== Exercise aim ==
Copy all the records exactly, but keep the pictures out of your version.

== Exercise data ==
######
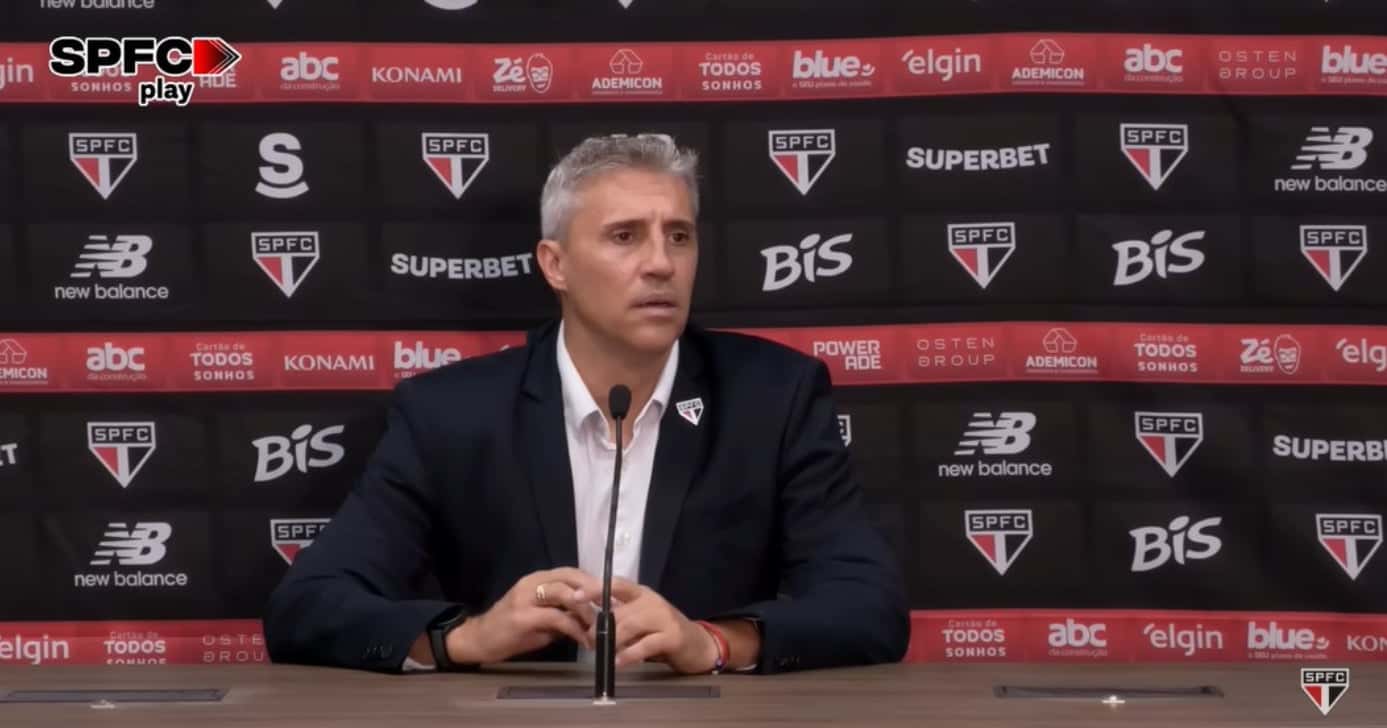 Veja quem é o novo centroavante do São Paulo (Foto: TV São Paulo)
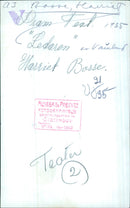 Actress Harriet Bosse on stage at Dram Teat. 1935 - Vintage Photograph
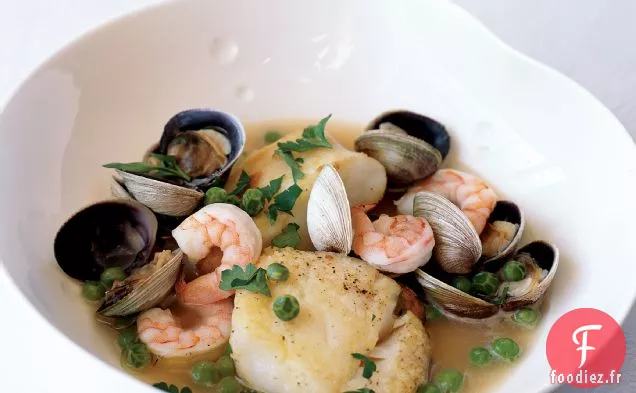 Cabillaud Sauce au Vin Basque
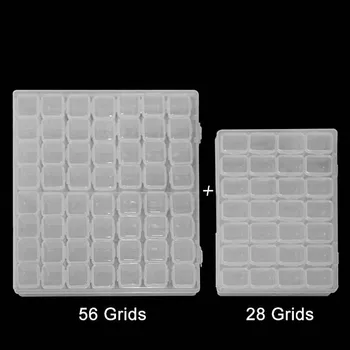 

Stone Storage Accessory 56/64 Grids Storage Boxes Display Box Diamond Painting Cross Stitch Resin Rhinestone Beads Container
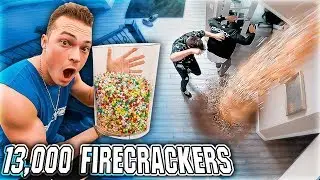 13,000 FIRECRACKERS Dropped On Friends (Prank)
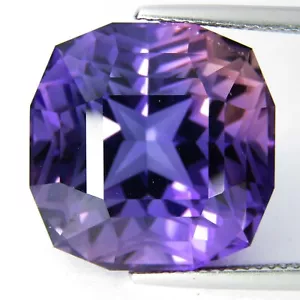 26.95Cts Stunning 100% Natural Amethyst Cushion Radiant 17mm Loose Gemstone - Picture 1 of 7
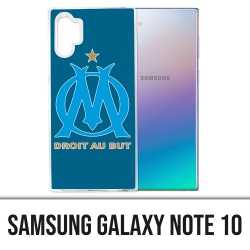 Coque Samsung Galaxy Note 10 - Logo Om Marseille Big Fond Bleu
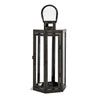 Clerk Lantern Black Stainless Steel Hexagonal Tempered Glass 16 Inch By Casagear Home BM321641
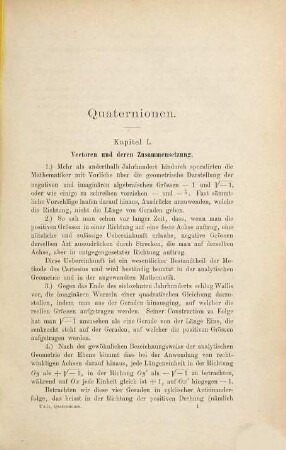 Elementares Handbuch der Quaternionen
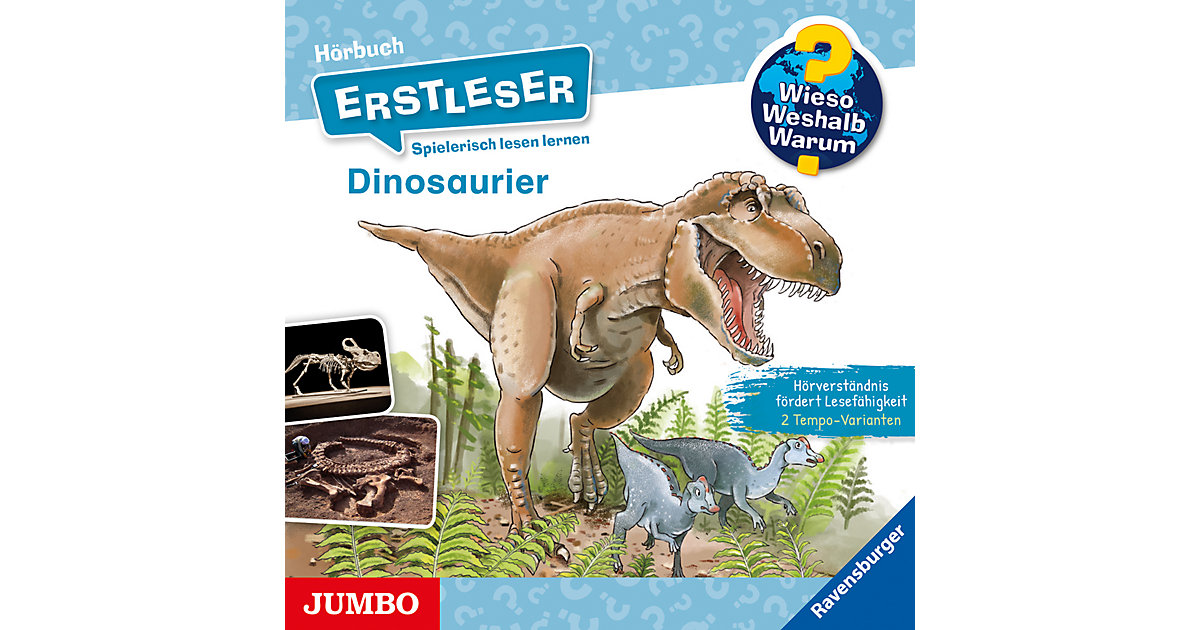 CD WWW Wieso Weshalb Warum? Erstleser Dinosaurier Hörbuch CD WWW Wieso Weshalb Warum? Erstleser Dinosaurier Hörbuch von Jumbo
######
== Solution for this exercise ==
 Veja quem é o novo centroavante do São Paulo (Foto: TV São Paulo)
 Actress Harriet Bosse on stage at Dram Teat. 1935 - Vintage Photograph
 Cabillaud Sauce au Vin Basque

Stone Storage Accessory 56/64 Grids Storage Boxes Display Box Diamond Painting Cross Stitch Resin Rhinestone Beads Container
 13,000 FIRECRACKERS Dropped On Friends (Prank)
 26.95Cts Stunning 100% Natural Amethyst Cushion Radiant 17mm Loose Gemstone - Picture 1 of 7
 Coque Samsung Galaxy Note 10 - Logo Om Marseille Big Fond Bleu
 Clerk Lantern Black Stainless Steel Hexagonal Tempered Glass 16 Inch By Casagear Home BM321641
 Elementares Handbuch der Quaternionen
 CD WWW Wieso Weshalb Warum? Erstleser Dinosaurier Hörbuch CD WWW Wieso Weshalb Warum? Erstleser Dinosaurier Hörbuch von Jumbo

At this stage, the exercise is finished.